Mr. Obama’s heavy expenditures — and his campaign’s pressure on bundlers to find and groom new donors — have stirred worries among other Democrats, who have long taken Mr. Obama’s financial supremacy for granted.
“There is a lot of worry that Romney’s folks are raising so much more,” said one of Mr. Obama’s top fund-raisers, who did not want to be identified as discussing internal campaign business. “I just don’t think there’s a lot of high-dollar money left on the table.”
In fact, Republicans insist that Mr. Obama will rue his spending.
“Heading into the final laps of the campaign, the Democrats will regret squandering so much of their haul early in the cycle on massive monthly overhead,” said Sean M. Spicer, a spokesman for the R.N.C.
But in interviews, party and campaign officials defended the approach of spending money to build out the campaign, saying they believed that the wisdom of Mr. Obama’s strategy would be demonstrated at the voting booth in November.

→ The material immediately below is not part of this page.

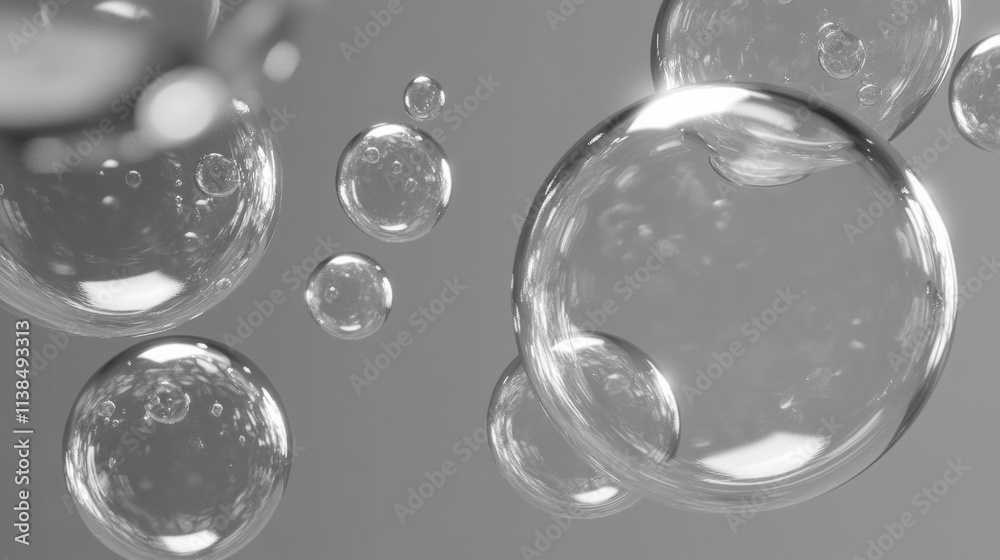 Abstract 3D render of floating liquid transparent bubbles that collide with each other over grey background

“The earlier the better,” said Adam Fetcher, an Obama campaign spokesman. “Starting a conversation with a persuadable voter months before Election Day allows us to be more effective in responding to that voter’s priorities than if they first hear from us a few weeks out. Building and maintaining our grass-roots foundation takes time and resources, but we believe those early investments will make a difference.”
But grass-roots movements do not come cheap.

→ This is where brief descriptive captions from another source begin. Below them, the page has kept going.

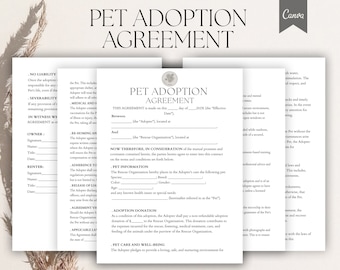 Editable Pet Adoption Agreement, Pet Adoption Terms, Puppy adoption template, Cat adoption form, Animal Rescue Adoption Contract Pdf,Canva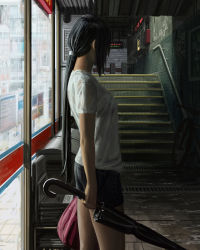 Rule 34 | 1girl, black hair, black shorts, blouse, commentary, from side, guweiz, highres, long hair, looking away, original, ponytail, red bag, see-through, see-through shirt, shirt, shorts, solo, standing, symbol-only commentary, train station, umbrella, very long hair, white shirt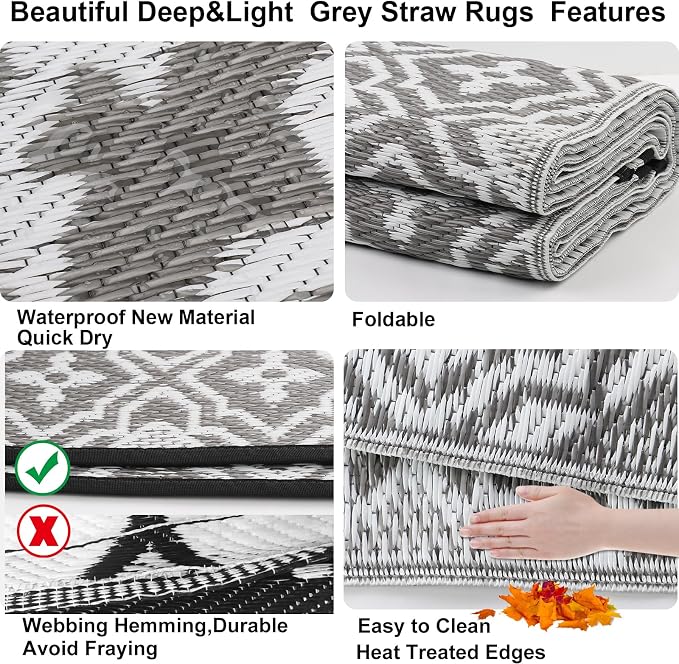 Alfolo Outdoor Rug for Patios Clearance 4X6 Waterproof Reversible Plastic Straw Rug RV Camping Mat Outside Area Rug Carpet for Camping RV,Porch,Deck,Balcony,Camper,Backyard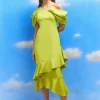 Lisa Tan Bardot Detail Ruffle Skirt Crepe Midi Dress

Through June 30, Mr. Obama and the Democratic National Committee had spent $46 million on direct mail and postage, according to F.E.C. records. Legal fees added up to $3 million, while $25,000 went to flower arrangements. Phones and telemarketing have eaten up at least $24 million, and Internet advertising $36 million, part of a sophisticated effort to try out different fund-raising appeals, test attacks on Mr. Romney and reach small donors. The campaign reached two million total donors in May, a campaign official said, a tally it did not reach until August during the 2008 election cycle.
Mindful that the recession has displaced many people who voted for Mr. Obama in 2008, especially those with low incomes, the campaign has also invested heavily in voter registration. That has paid dividends in states like Nevada, where Democrats have steadily expanded their registration advantage over Republicans in recent months. In Ohio, the early deployment of money and a field staff last year also allowed the campaign to help Democrats fight a Republican-led effort to restrict early voting in the state.
The campaign has opened field offices far earlier than past campaigns in swing communities around the country, hiring people to train volunteers, find pockets of Democrats and identify voters who might be persuaded to vote for Mr. Obama in November. With staff members in virtually every state, the Obama campaign and the D.N.C. have spent $52 million on payroll and benefits since the beginning of last year, along with $5 million for rent.
In the bellwether city of Chillicothe, Ohio, Mr. Obama’s team opened a field office eight months earlier than it did during the 2008 cycle, a party official said on Thursday, allowing the campaign to spend far longer courting those voters still on the fence.
“You can pay for direct mail or TV ads at the last minute, but you can’t shortcut long-term volunteer training programs,” said the official, who was granted anonymity to discuss the campaign’s spending strategy. “The relationships we’ve built, the depth of what people know about their communities, our data systems, the training and organization — good luck doing that in less than 100 days.”